Overview of recent HL-2A experiments

Abstract

Since the last Fusion Energy Conference, the HL-2A experiment has made significant progress in the following areas: (i) physics on low-intermediate-high (L-I-H) transition and pedestal dynamics; (ii) magnetohydrodynamic (MHD) and energetic-particle (EP) physics; (iii) interaction between neoclassical tearing modes (NTMs) and non-local transport; (iv) and edge localized mode (ELM) mitigation by supersonic molecular beam injection (SMBI). Two types of limit-cycle-oscillations (LCOs) were observed in the intermediate phase (I-phase), which indicated a second type of predator-prey process between turbulence and pressure gradient in addition to the conventional predator–prey involving zonal flows and turbulence. It was found that a kink-type MHD mode often crashed prior to the I-H transition, which played a crucial role in triggering H-mode by increasing the edge pressure gradient and E × B flow shear and consequently suppressing turbulent transport. It was also found that impurity concentration played an important role in the multi-transitions between ELM-free H-mode and I-phase. Besides, a quasi-coherent mode around 50–100 kHz was found to be associated with pedestal density gradient saturation in ELM-free H-mode. For the first time, two types of magnetic activities with n = 0 were observed in the presence of strong tearing modes. Fourier bicoherence analysis suggested that these modes were generated by the nonlinear coupling between Alfvén eigenmodes (AEs) and low-frequency MHD modes. Up- and down-sweeping reverse shear Alfvén eigenmodes (RSAEs) were identified experimentally. The transitions between fishbone and long-lived mode (LLM) were also investigated.
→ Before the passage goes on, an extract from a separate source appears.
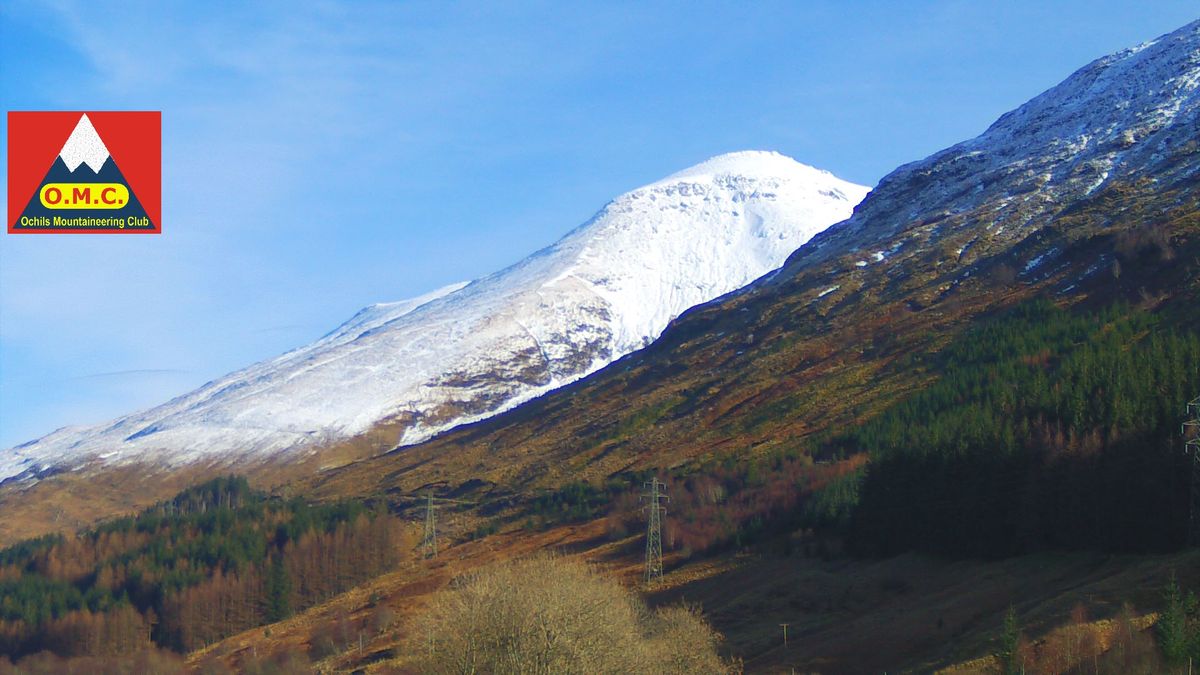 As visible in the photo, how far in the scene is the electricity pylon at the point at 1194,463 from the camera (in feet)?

The results showed that fishbone could transit from/to LLM and even trigger tearing modes (TMs). For non-local transport, key characteristics of enhanced avalanches in the theory of self-organized criticality (SOC) were identified, including high Hurst exponents and large-scale radial propagation. Experimental results revealed a close correlation between NTMs and non-local transport. In addition, studies on ELM mitigation by SMBI have also progressed substantially.